Ashley Madison was hacked today, so this blog is a confession about how I’ve been cheating on my three year resolution for the past six months. 

I declared that I would stop working on anything focused and just try to relax for three years. It coincides with Carrie’s schooling, but it’s also just good self care. However, for the better part of 2015, I’ve been working myself to the bone. Before I get to the point, let me spin you a tale.

This past weekend, some friends and I went on the Teahouse hike at Lake Louise; about 5.5 km. As an extremely lazy person, it was kind of difficult for me, but I tried not to complain too much. The weekend was Part 2 of a friend’s birthday party. You know I’m not keen on the great outdoors or generally being fit, but I pushed myself to the top where we took some selfies, held our breaths in the outhouses, and bought crappy food at the Teahouse. Then we began the descent, which, as you may know, is harder than the uphill because of the impacts on one’s joints. Hurray! We passed people taking different trails up, and some people were even rock climbing. So scary.

Imagine if I were envious of people starting their first hike while I was still coming down from mine. My resolution so far in 2015 has seen me climbing up a second hike before completing the descent from my first. I'm supposed to still be coming down from school, the wedding, and changing jobs. I declared that I was going to work on the Carrie Amp before my resolution, so I thought I would continue even though I wrote that I would stop working on anything. That hasn’t panned out so well. At the onset, I figured I could sell the PCBs online and make some passive income off of a passion project, but after two years of development on the side, nope. I justified working on it because it was fun and uplifting to my spirits, but as camping reminded me this weekend, fun takes a lot of work and planning. Carrie’s on her own journey through grad school, and I thought I could reach my own peak at the same time. This is where the analogy starts to split apart, just like the wood I was chopping this weekend. #justmanthings

Another way of looking at it, which is closer to reality, is through money. Carrie is on a venture that we need to dip into our savings for, and I’ve been trying for six months to sacrifice my own cash flow to support her investment while simultaneously spinning up my own. Idiot! As such, I put an end to my side project, and now I practice being in the moment. Each day is an adventure of practicing my morning routine of cold shower, coffee, push-ups, Bible reading, and eggs.

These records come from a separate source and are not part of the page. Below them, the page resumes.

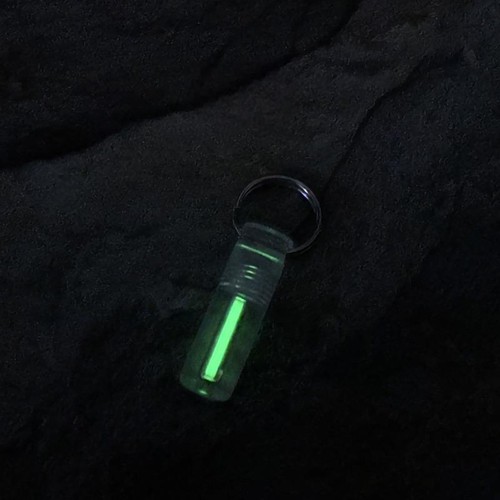 Glow in the Dark Keychain Necklace Pendant Zipper Pull 2x12mm Vial 25 Years Life - Picture 10 of 14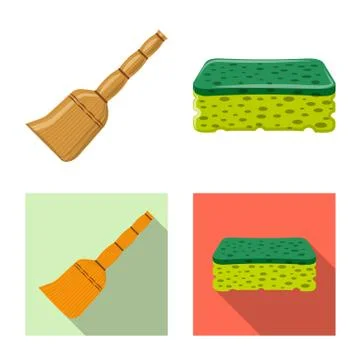 Vector design of cleaning and service logo. Set of cleaning and household stock Illustration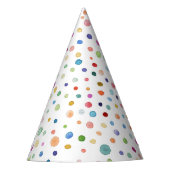 Rainbow Confetti Waterverf Stippen Party Pet Feesthoedjes (Voorkant)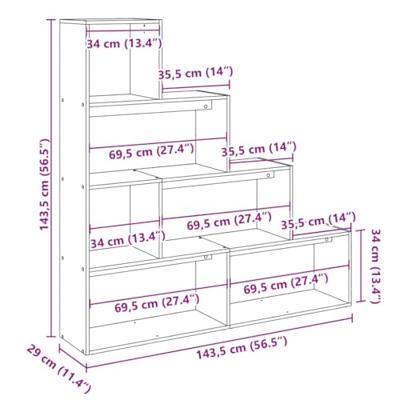 Kamerscherm / boekenkast 143,5x29x143,5 cm hout grijs sonoma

I used to need for people to recognize how special I was. Some would say it’s the middle child in me, but subconsciously, I push my limits and show off how wide they are. I prided myself on crushing it in life and fitting in twice as much as normies, but that arrogance took a toll on me. The Bible puts it this way:

Then I observed that most people are motivated to success because they envy their neighbors. But this, too, is meaningless—like chasing the wind. ‘Better to have one handful with quietness than two handfuls with hard work and chasing the wind.’
— Ecclesiastes 4:4,6

If I limit myself to just my day job, I get so much time back in the day. I can clean the studio, exercise, blog, or listen to music. Now that Carrie’s super busy with her summer course, I have to be a real adult and buy groceries and cook food. A lot of what brought the Carrie Amp to life was that I was living with my parents, who took care of the groceries and cooking. Living on my own, it’s just a dumb idea to work on something like that right now.

I owe it to myself and Carrie to admit my limitations and embrace them. Being too ambitious or arrogant is burning a hole in my energy pocket, and I need to learn to listen to my body better. I’ve conditioned myself to whip my body into submission based on what my head says, but there’s a mural down the street that stops me in my tracks.

You are never a great man when you have more mind than heart.
— E.P. Beauchene

With that confession behind me, I’m going to try to just live in the moment and enjoy the next two and a half years. Let’s hang out.